### Records from a collection:
⁂

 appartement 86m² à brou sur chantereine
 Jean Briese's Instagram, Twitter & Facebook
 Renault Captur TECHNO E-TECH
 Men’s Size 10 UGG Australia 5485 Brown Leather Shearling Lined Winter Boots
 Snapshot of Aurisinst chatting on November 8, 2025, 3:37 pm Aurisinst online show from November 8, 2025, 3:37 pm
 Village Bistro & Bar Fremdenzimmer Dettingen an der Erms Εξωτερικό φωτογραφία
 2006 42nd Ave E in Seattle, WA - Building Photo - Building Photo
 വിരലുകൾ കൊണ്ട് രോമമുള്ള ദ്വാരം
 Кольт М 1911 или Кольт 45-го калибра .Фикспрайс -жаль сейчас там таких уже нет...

⁂

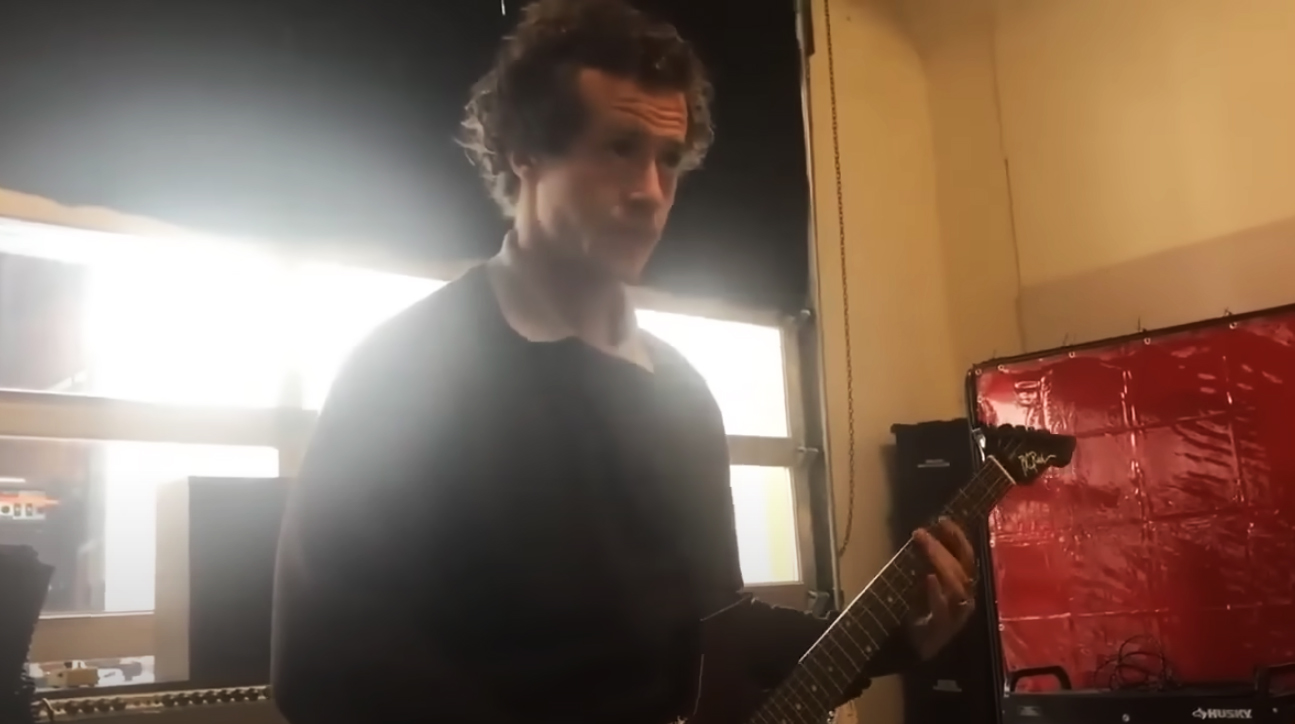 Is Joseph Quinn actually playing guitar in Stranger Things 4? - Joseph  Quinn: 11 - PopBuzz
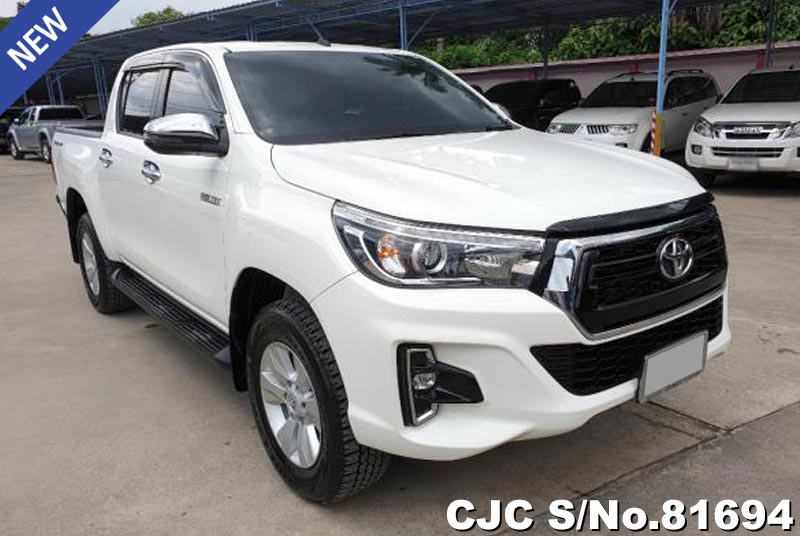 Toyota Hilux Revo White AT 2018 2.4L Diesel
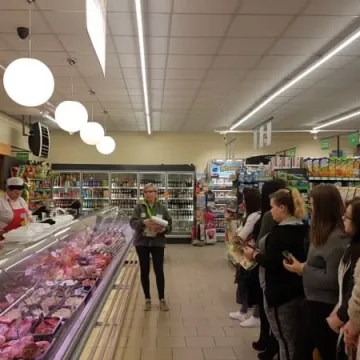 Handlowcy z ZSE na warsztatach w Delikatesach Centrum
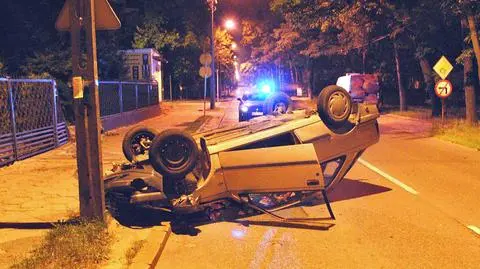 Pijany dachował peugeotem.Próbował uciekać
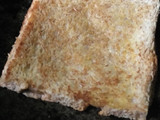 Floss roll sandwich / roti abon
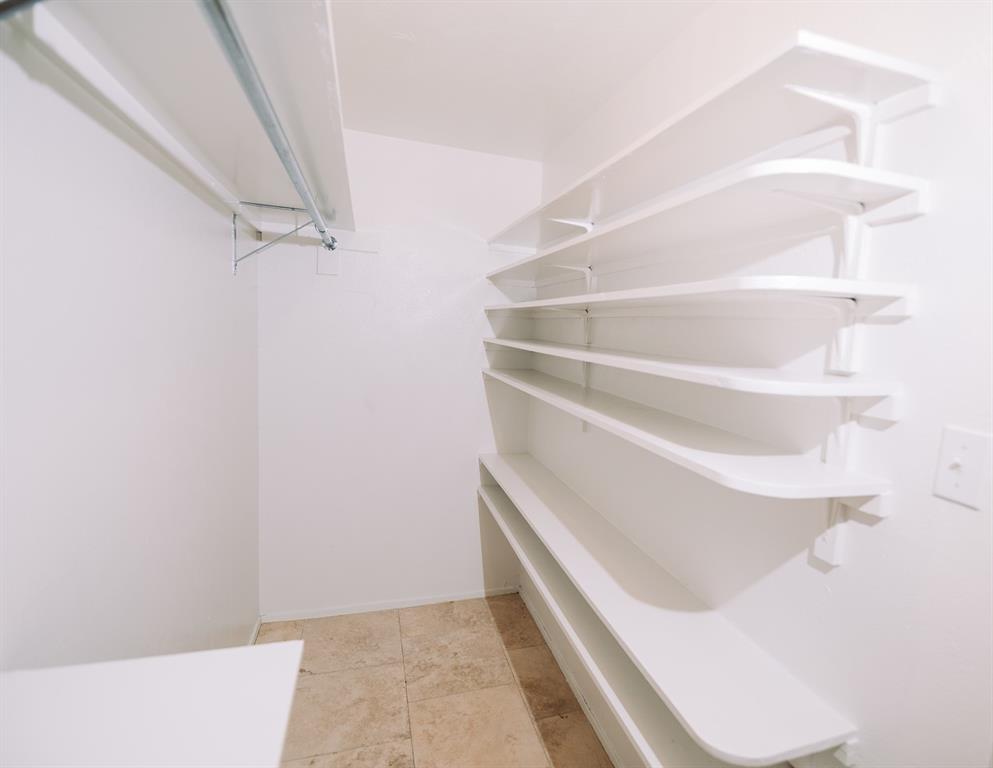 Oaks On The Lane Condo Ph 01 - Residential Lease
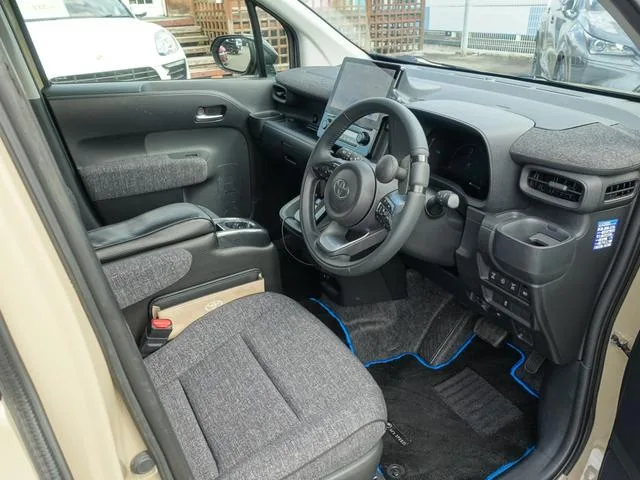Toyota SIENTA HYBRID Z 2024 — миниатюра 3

⁂

### What is expected:
Copy only this part of the entries above: the line with "Jean Briese's Instagram, Twitter & Facebook", the line with "Кольт М 1911", and the lines between, all exactly as written.

### Result for this exercise:
 Jean Briese's Instagram, Twitter & Facebook
 Renault Captur TECHNO E-TECH
 Men’s Size 10 UGG Australia 5485 Brown Leather Shearling Lined Winter Boots
 Snapshot of Aurisinst chatting on November 8, 2025, 3:37 pm Aurisinst online show from November 8, 2025, 3:37 pm
 Village Bistro & Bar Fremdenzimmer Dettingen an der Erms Εξωτερικό φωτογραφία
 2006 42nd Ave E in Seattle, WA - Building Photo - Building Photo
 വിരലുകൾ കൊണ്ട് രോമമുള്ള ദ്വാരം
 Кольт М 1911 или Кольт 45-го калибра .Фикспрайс -жаль сейчас там таких уже нет...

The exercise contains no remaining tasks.